Population adjustment with limited individual patient data
My paper, Methods for Population Adjustment with Limited Access to Individual Patient Data: A Review and Simulation Study, co-authored with my PhD supervisors Gianluca Baio and Anna Heath, is up on arXiv after undergoing the first round of peer-review. Population adjustment methods are increasingly used in health technology assessments when access to patient-level data is limited and there are cross-trial differences in effect modifiers. Popular methods are matching-adjusted indirect comparison (MAIC), based on propensity score weighting, and simulated treatment comparison (STC), a regression adjustment method. We evaluate these methods and the standard Bucher method in a comprehensive simulation study.
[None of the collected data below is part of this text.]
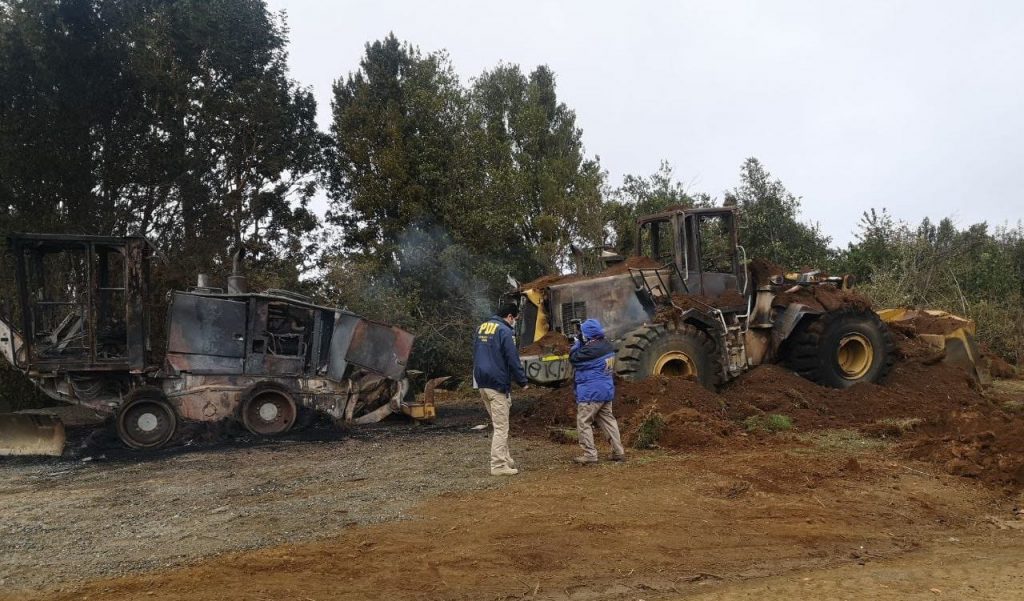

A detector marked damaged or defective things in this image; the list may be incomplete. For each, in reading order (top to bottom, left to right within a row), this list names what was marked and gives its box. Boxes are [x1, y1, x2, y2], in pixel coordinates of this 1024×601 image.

rusty equipment [0, 232, 434, 452]
burned vehicle [0, 232, 436, 452]
rusty equipment [516, 207, 892, 390]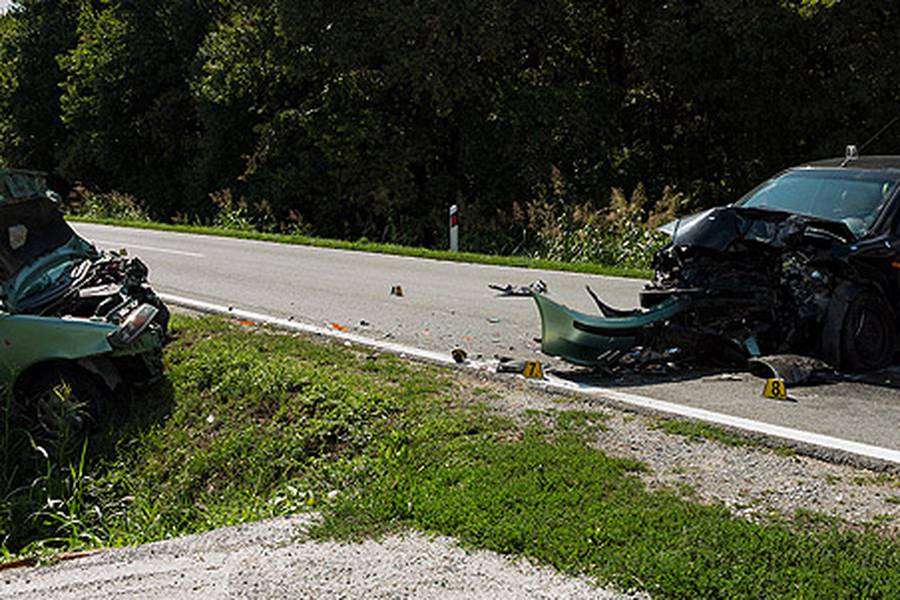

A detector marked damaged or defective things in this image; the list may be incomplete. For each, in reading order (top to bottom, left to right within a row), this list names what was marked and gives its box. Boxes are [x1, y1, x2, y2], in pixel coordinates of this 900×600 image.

green damaged car [0, 169, 166, 436]
wrecked car front end [0, 169, 167, 396]
detached bumper piece [532, 294, 684, 366]
wrecked car front end [524, 162, 900, 372]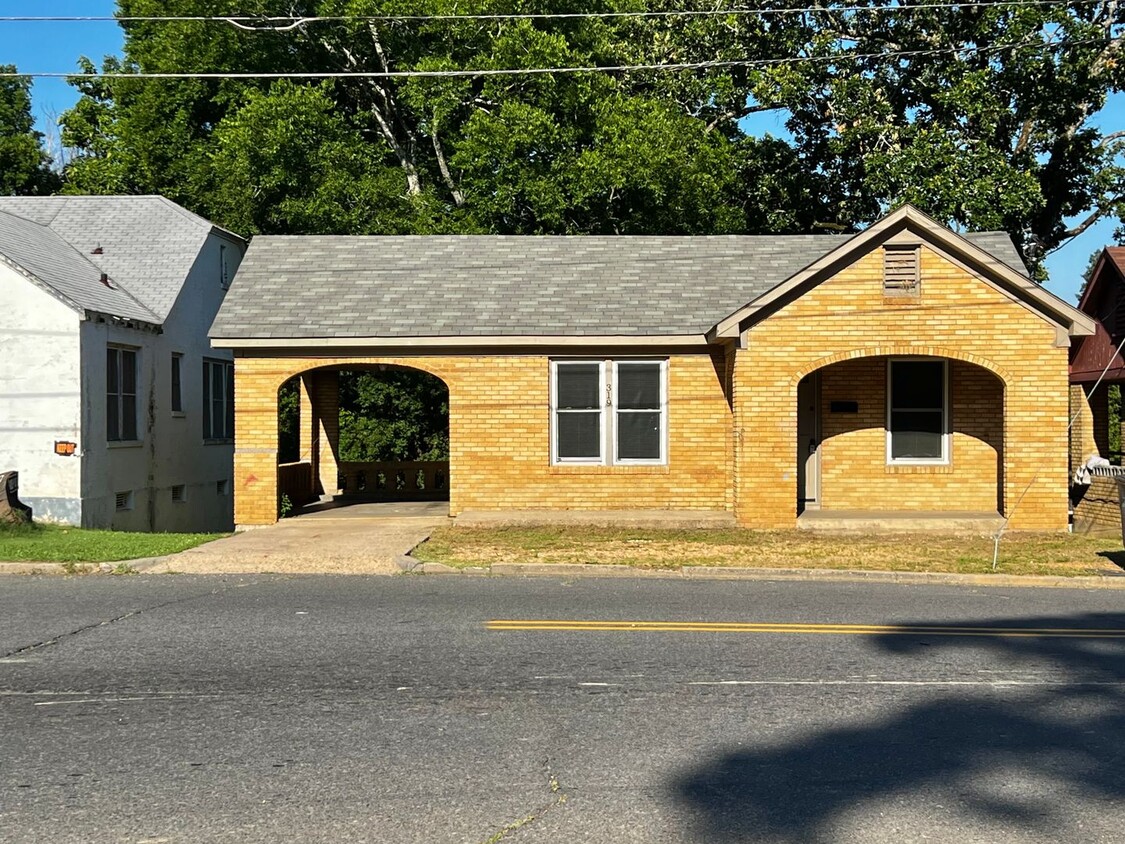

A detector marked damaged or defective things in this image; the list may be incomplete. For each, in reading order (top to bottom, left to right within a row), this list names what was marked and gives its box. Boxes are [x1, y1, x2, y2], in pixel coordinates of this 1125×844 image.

road crack [481, 760, 571, 844]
We investigate survival outcomes and continuous covariates across 162 scenarios, with the log hazard ratio as the measure of effect. Study sample sizes and the degree of covariate overlap reflect scenarios typically encountered in health technology appraisals of oncology drugs. MAIC yields unbiased treatment effect estimates and is the least biased and most accurate method in the scenarios considered. Standard errors underestimate variability with small sample sizes, leading to undercoverage. The bias reduction of MAIC generally outweighs the loss in precision, even under poor covariate overlap.
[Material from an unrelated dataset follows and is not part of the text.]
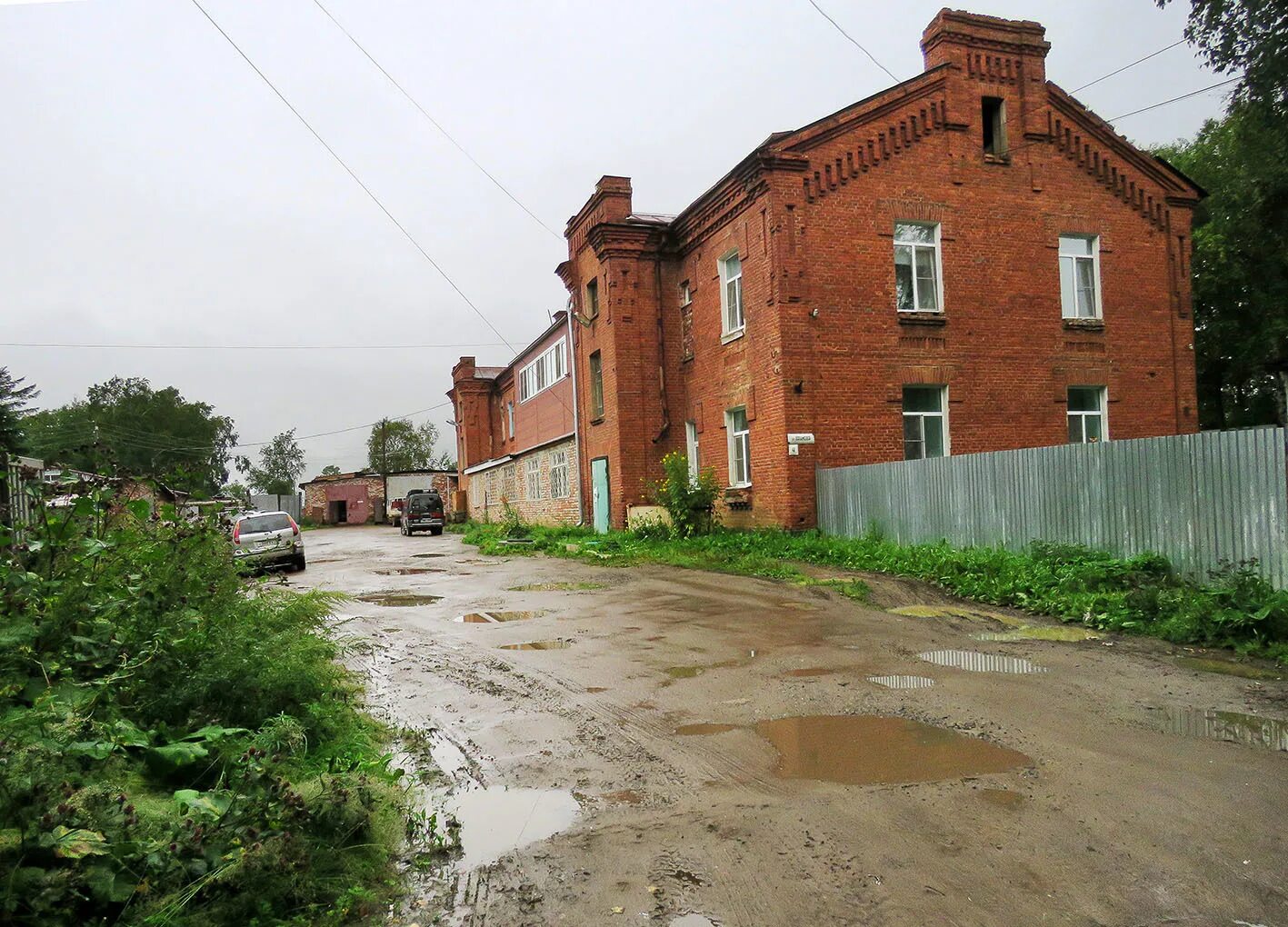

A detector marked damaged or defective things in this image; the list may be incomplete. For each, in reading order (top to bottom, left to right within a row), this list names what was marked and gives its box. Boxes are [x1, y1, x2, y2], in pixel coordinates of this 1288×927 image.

broken window [982, 96, 1011, 157]
broken window [902, 384, 953, 460]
STC is systematically biased because it targets a conditional treatment effect as opposed to a marginal treatment effect. This measure of effect is incompatible in the indirect treatment comparison due to the non-collapsibility of the (log) hazard ratio. Measures of effect in most health technology assessment applications are non-collapsible. Hence, we discourage the use of STC in most cases. As expected, the Bucher method is biased and overprecise. Bias increases with poorer overlap and stronger effect-modifying interactions.
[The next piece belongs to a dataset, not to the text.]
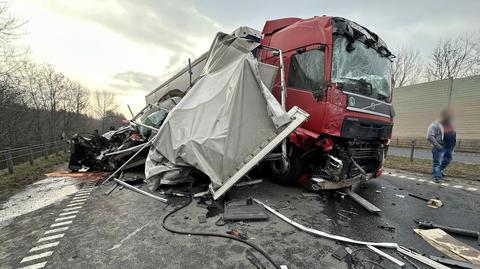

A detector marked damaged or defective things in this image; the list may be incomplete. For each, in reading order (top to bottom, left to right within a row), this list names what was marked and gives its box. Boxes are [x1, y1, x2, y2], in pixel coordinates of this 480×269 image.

crushed vehicle [145, 16, 394, 191]
broken windshield [332, 36, 392, 101]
The simulation study has some limitations. Firstly, population adjustment methods make very strong assumptions and a greater number of these than standard indirect comparisons. Failures in assumptions are not explored in this study and future simulation studies should assess the methods under model misspecification. Conclusions are also dependent on model/outcome type. We have considered survival outcomes and Cox proportional hazards models. Bias-variance trade-offs may differ in less efficient setups, e.g. binary outcomes and logistic regression. A huge thank you to the peer reviewers that helped improve the manuscript. Of course, note that this is still a pre-print yet to be fully certified by peer review.